Background: As little such data is available in African populations, we investigated the prevalence of ADPKD and the impact of the disease in the Seychelles islands, where approximately 65% of the population is of African descent and 30% of Caucasian or mixed descent.
Methods: Prevalent cases were identified over a 3-year period by requesting all the doctors in the country (most of them are employed within a national health system) to refer all presumed or confirmed cases and by systematically examining the family members of all confirmed cases. The diagnosis was based on standard criteria including ultrasonographic findings and family history.

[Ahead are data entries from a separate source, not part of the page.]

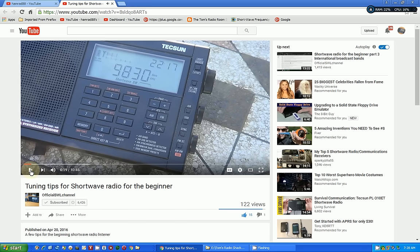Go check out his channel, specifically this new series he's starting, if you're just getting into shortwave radio listening. His channel is Official SWL Channel, so you can do a search on that and check out his videos and subscribe — I'm sure he would appreciate it, just like I appreciate people that subscribe to my channel. Leave him a comment and say Tom Stiles sent you. Thanks for watching, have a great day, bye-bye.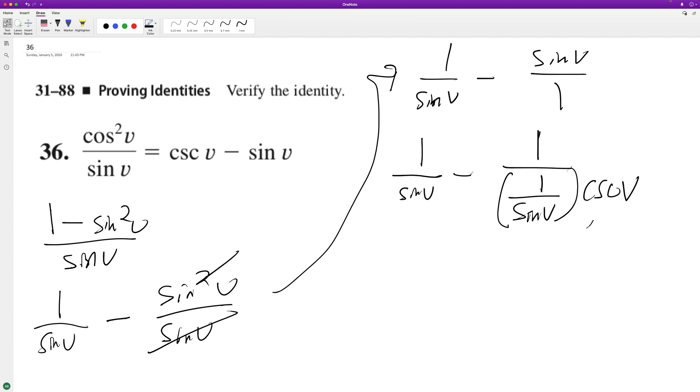Oh, wait a second. I didn't even have to do that. I'm sorry. Sine v is already that way.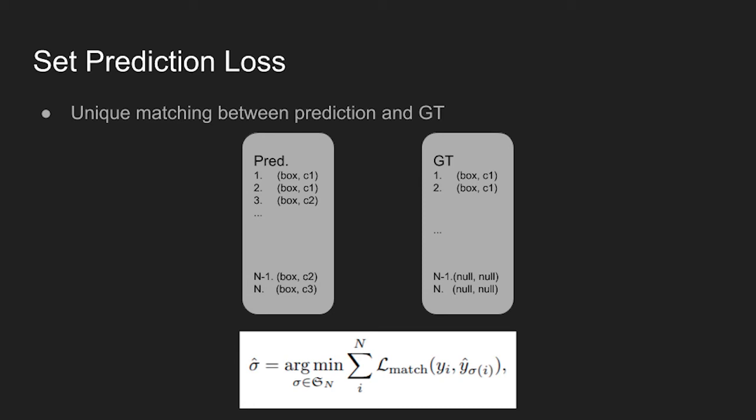One of the main difficulties of training is to score predicted objects with respect to the ground truth. Set prediction loss introduced in the paper produces an optimal bipartite matching between predicted and ground truth objects and optimizes object-specific losses.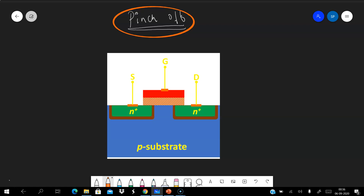Let's look graphically at what happens. Suppose this is an MOS device — this is the gate terminal, this is the source, and this is the drain terminal. We know that in order to create a channel, the gate-to-source voltage must be equal to or greater than the threshold voltage.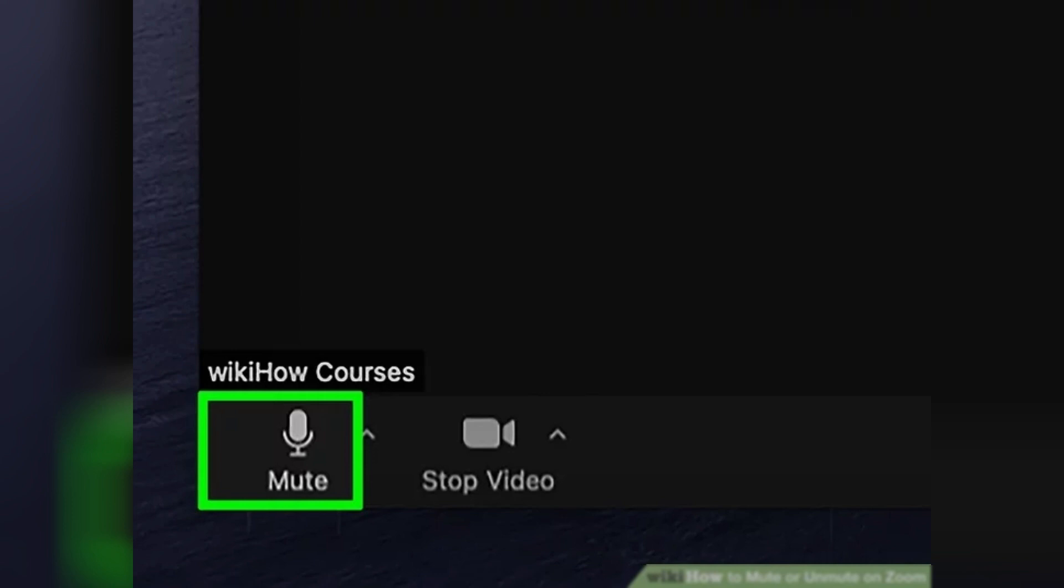And that's it. You now know how to mute and unmute on Zoom. This can be especially helpful during online meetings or webinars to minimize background noise and maintain a professional setting. Thanks for watching.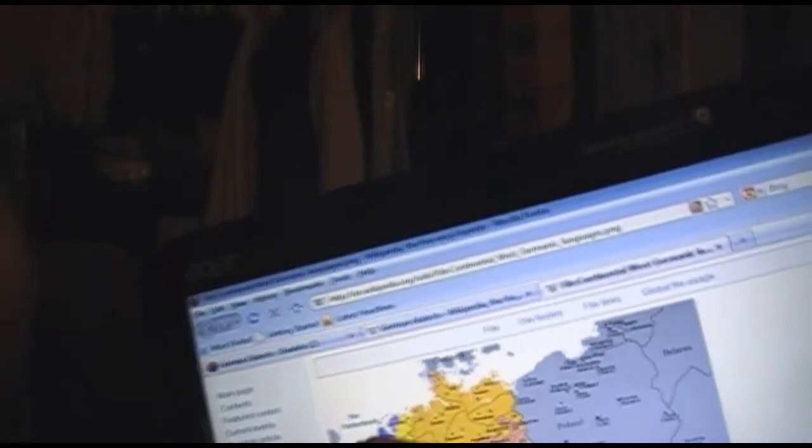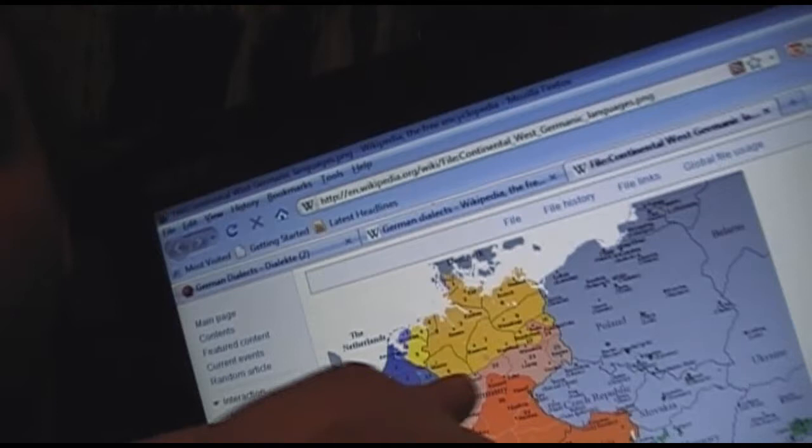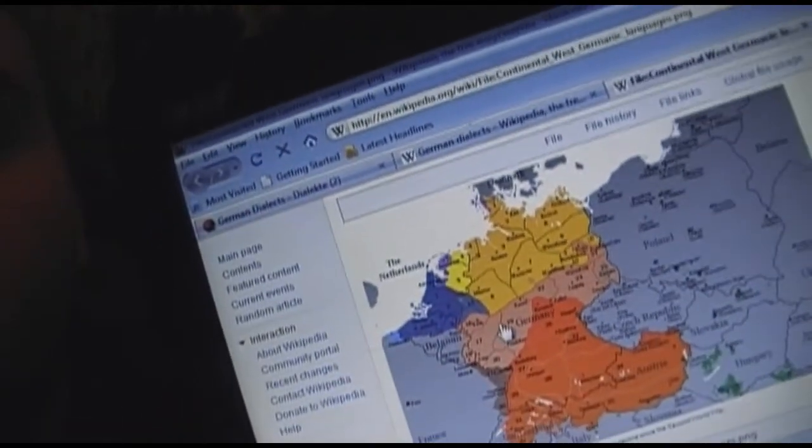We have Mitteldeutsch, or Middle German in English. Middle German is kind of this area — basically the middle of Germany, if that makes sense — and it's literally kind of in between Low German and High German.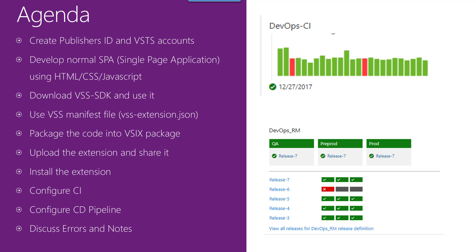Then we are going to use the VSTS manifest file that structures our extension. As we will see in the video.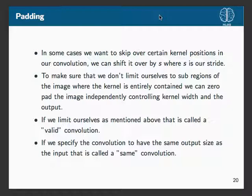First layers tend to be edge detectors, but with more layers the features become more hierarchical — more high-level and specific. If you have a picture of a dog, deeper layers might detect features like the shape of the teeth or the eyes — things we'd typically use to recognize dogs. The more layers in you go, the more high-level the features become.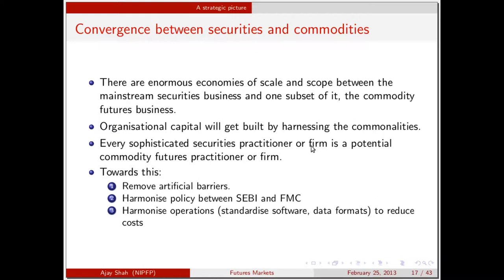For example, the incredible capabilities at NSE on algorithmic trading should just come effortlessly into this field — we should not wait 20 years for this field to get into algorithmic trading. Towards convergence, we should remove artificial barriers between the two fields and have greater harmonization of policy between SEBI and FMC. We should harmonize operations at the level of software and data formats. Every securities firm has a back office, and the back office for a securities exchange is no different from that for a commodities exchange — standardizing file formats gives us economies of scale and scope.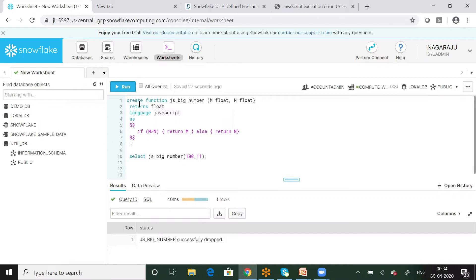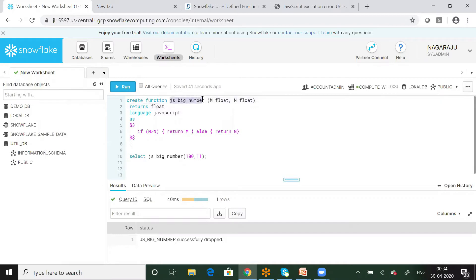We will create a function called 'bigNumber' in JavaScript. This function will take two parameters. The data type used here is float, and we will enter the values accordingly.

Results: Forty-two cases were identified in this population of 74,331 inhabitants, a total prevalence (per 100,000 total population) of 57 (95% CI, 41-76). All but one of the cases were of Caucasian descent so that the prevalence rates of the disease in the populations of Black and Caucasian descents were respectively 2 (0-11) and 184 (132-249). The prevalence rates of the gene(s) carriers were estimated to be 75 (45-117) in the total population respectively 6 (0-33) and 236 (140-372) in the Black and Caucasian populations. Haplotype analysis in 58 cases from three families showed a common DNA fragment in all affected individuals. Cases had significantly higher blood pressure compared to the general population and 21% had serum creatinine higher than 120 mumol/l. Among the established pedigrees, mean age of death between 1960 and 1995 (haemodialysis was introduced in 1992) was younger in subjects with than those without ADPKD (50.5 vs 67.7 years; P < 0.001).
Conclusions: In the Seychelles, ADPKD clusters in the Caucasian population (possibly a founder effect), is rare in individuals of black descent, and is associated with substantial clinical and survival impact.